## Task objective
The entries that follow are to be duplicated in full, character for character.

## Collected data
········

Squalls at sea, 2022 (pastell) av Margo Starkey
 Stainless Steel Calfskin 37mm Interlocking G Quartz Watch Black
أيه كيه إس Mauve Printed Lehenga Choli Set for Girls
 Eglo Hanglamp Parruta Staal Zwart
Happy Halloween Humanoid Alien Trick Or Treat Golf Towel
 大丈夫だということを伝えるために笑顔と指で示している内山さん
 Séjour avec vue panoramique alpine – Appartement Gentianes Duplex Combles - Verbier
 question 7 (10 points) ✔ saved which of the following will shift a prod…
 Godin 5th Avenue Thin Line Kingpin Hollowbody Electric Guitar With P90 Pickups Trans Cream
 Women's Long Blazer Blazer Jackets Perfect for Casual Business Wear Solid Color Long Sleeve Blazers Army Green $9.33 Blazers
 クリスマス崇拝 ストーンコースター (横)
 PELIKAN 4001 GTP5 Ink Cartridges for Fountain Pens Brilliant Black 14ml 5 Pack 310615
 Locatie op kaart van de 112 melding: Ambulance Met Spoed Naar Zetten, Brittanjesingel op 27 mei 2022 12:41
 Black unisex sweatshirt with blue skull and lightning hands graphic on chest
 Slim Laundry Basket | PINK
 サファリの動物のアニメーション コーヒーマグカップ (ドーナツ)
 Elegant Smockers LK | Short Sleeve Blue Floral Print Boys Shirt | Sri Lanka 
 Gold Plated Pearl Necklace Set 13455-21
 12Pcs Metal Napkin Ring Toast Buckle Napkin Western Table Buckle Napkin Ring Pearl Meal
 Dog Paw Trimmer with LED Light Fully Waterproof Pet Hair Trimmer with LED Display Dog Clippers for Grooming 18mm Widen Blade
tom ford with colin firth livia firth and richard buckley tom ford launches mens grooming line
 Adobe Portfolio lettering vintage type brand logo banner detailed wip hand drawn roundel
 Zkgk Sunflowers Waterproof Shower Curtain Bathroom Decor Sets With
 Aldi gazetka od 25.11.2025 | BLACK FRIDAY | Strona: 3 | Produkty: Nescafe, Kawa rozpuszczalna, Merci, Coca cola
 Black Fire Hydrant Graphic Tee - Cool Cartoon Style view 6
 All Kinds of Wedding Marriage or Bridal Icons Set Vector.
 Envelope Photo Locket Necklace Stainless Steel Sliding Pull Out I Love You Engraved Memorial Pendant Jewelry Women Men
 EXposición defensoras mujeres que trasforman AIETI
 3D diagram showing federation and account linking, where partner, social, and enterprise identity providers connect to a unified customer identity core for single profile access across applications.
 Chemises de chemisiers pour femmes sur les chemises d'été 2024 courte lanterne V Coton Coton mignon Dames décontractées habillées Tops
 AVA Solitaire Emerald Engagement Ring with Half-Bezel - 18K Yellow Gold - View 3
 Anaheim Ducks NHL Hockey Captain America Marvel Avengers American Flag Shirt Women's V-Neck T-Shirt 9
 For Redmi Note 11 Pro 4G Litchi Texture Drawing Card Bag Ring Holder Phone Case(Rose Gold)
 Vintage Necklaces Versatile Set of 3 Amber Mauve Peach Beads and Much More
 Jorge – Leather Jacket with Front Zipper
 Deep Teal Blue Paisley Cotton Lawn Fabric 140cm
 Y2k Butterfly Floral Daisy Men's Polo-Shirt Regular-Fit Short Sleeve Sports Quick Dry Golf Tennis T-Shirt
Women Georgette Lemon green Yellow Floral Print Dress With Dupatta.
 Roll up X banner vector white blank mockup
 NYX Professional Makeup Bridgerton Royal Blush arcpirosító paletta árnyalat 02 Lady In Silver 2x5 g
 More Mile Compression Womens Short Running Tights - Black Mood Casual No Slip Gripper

········

## Answer below
Squalls at sea, 2022 (pastell) av Margo Starkey
 Stainless Steel Calfskin 37mm Interlocking G Quartz Watch Black
أيه كيه إس Mauve Printed Lehenga Choli Set for Girls
 Eglo Hanglamp Parruta Staal Zwart
Happy Halloween Humanoid Alien Trick Or Treat Golf Towel
 大丈夫だということを伝えるために笑顔と指で示している内山さん
 Séjour avec vue panoramique alpine – Appartement Gentianes Duplex Combles - Verbier
 question 7 (10 points) ✔ saved which of the following will shift a prod…
 Godin 5th Avenue Thin Line Kingpin Hollowbody Electric Guitar With P90 Pickups Trans Cream
 Women's Long Blazer Blazer Jackets Perfect for Casual Business Wear Solid Color Long Sleeve Blazers Army Green $9.33 Blazers
 クリスマス崇拝 ストーンコースター (横)
 PELIKAN 4001 GTP5 Ink Cartridges for Fountain Pens Brilliant Black 14ml 5 Pack 310615
 Locatie op kaart van de 112 melding: Ambulance Met Spoed Naar Zetten, Brittanjesingel op 27 mei 2022 12:41
 Black unisex sweatshirt with blue skull and lightning hands graphic on chest
 Slim Laundry Basket | PINK
 サファリの動物のアニメーション コーヒーマグカップ (ドーナツ)
 Elegant Smockers LK | Short Sleeve Blue Floral Print Boys Shirt | Sri Lanka 
 Gold Plated Pearl Necklace Set 13455-21
 12Pcs Metal Napkin Ring Toast Buckle Napkin Western Table Buckle Napkin Ring Pearl Meal
 Dog Paw Trimmer with LED Light Fully Waterproof Pet Hair Trimmer with LED Display Dog Clippers for Grooming 18mm Widen Blade
tom ford with colin firth livia firth and richard buckley tom ford launches mens grooming line
 Adobe Portfolio lettering vintage type brand logo banner detailed wip hand drawn roundel
 Zkgk Sunflowers Waterproof Shower Curtain Bathroom Decor Sets With
 Aldi gazetka od 25.11.2025 | BLACK FRIDAY | Strona: 3 | Produkty: Nescafe, Kawa rozpuszczalna, Merci, Coca cola
 Black Fire Hydrant Graphic Tee - Cool Cartoon Style view 6
 All Kinds of Wedding Marriage or Bridal Icons Set Vector.
 Envelope Photo Locket Necklace Stainless Steel Sliding Pull Out I Love You Engraved Memorial Pendant Jewelry Women Men
 EXposición defensoras mujeres que trasforman AIETI
 3D diagram showing federation and account linking, where partner, social, and enterprise identity providers connect to a unified customer identity core for single profile access across applications.
 Chemises de chemisiers pour femmes sur les chemises d'été 2024 courte lanterne V Coton Coton mignon Dames décontractées habillées Tops
 AVA Solitaire Emerald Engagement Ring with Half-Bezel - 18K Yellow Gold - View 3
 Anaheim Ducks NHL Hockey Captain America Marvel Avengers American Flag Shirt Women's V-Neck T-Shirt 9
 For Redmi Note 11 Pro 4G Litchi Texture Drawing Card Bag Ring Holder Phone Case(Rose Gold)
 Vintage Necklaces Versatile Set of 3 Amber Mauve Peach Beads and Much More
 Jorge – Leather Jacket with Front Zipper
 Deep Teal Blue Paisley Cotton Lawn Fabric 140cm
 Y2k Butterfly Floral Daisy Men's Polo-Shirt Regular-Fit Short Sleeve Sports Quick Dry Golf Tennis T-Shirt
Women Georgette Lemon green Yellow Floral Print Dress With Dupatta.
 Roll up X banner vector white blank mockup
 NYX Professional Makeup Bridgerton Royal Blush arcpirosító paletta árnyalat 02 Lady In Silver 2x5 g
 More Mile Compression Womens Short Running Tights - Black Mood Casual No Slip Gripper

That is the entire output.